- [WORK REQUEST]
Could you transcribe every record below exactly, leaving out any pictures?
START RAW DATA
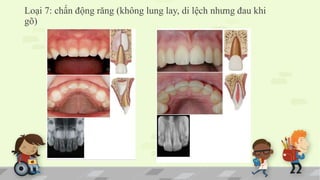 Loại 7: chấn động răng (không lung lay, di lệch nhưng đau khi
gõ)
 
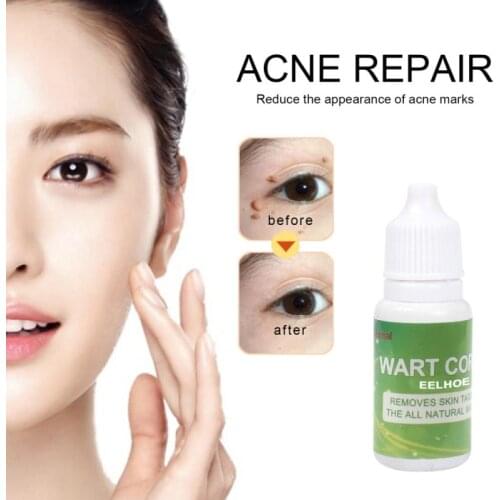 1Pcs Skin Tag Remover Against Mole & Genital Wart fast Removal Mole Removal Dark Spot Remover For Skin Care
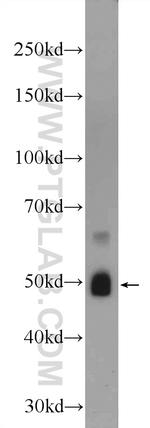 ZRANB2 Antibody in Western Blot (WB)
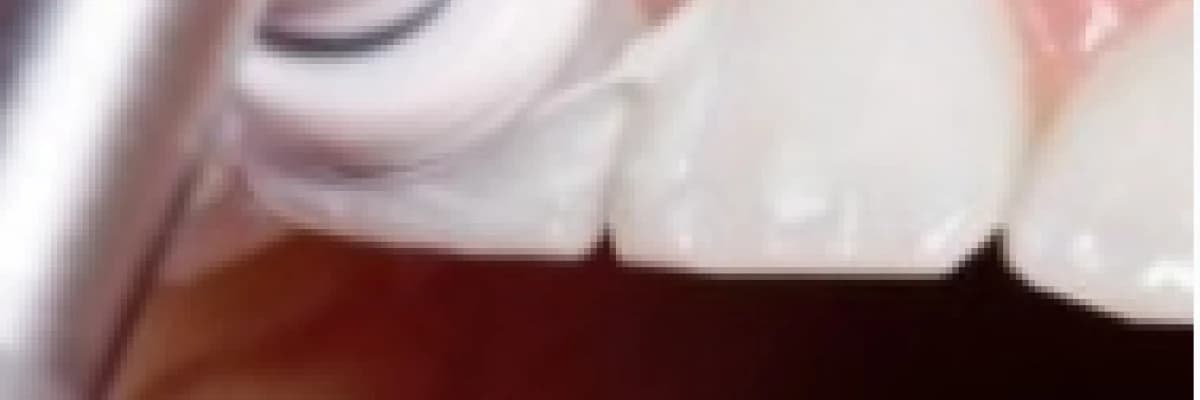 Diş Taşı Temizliğinin Dişlere Zararı Var mıdır?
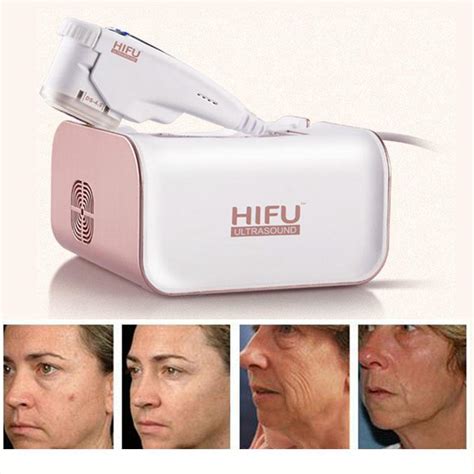 New Portable Professional Hifu Wrinkle Removal Rf Led Face Lifting High Intensity Focused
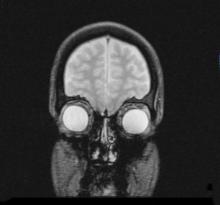 FDA says gadolinium retention in the brain is not a safety issue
END RAW DATA
- [COMPLETED TASK]
 Loại 7: chấn động răng (không lung lay, di lệch nhưng đau khi
gõ)
 
 1Pcs Skin Tag Remover Against Mole & Genital Wart fast Removal Mole Removal Dark Spot Remover For Skin Care
 ZRANB2 Antibody in Western Blot (WB)
 Diş Taşı Temizliğinin Dişlere Zararı Var mıdır?
 New Portable Professional Hifu Wrinkle Removal Rf Led Face Lifting High Intensity Focused
 FDA says gadolinium retention in the brain is not a safety issue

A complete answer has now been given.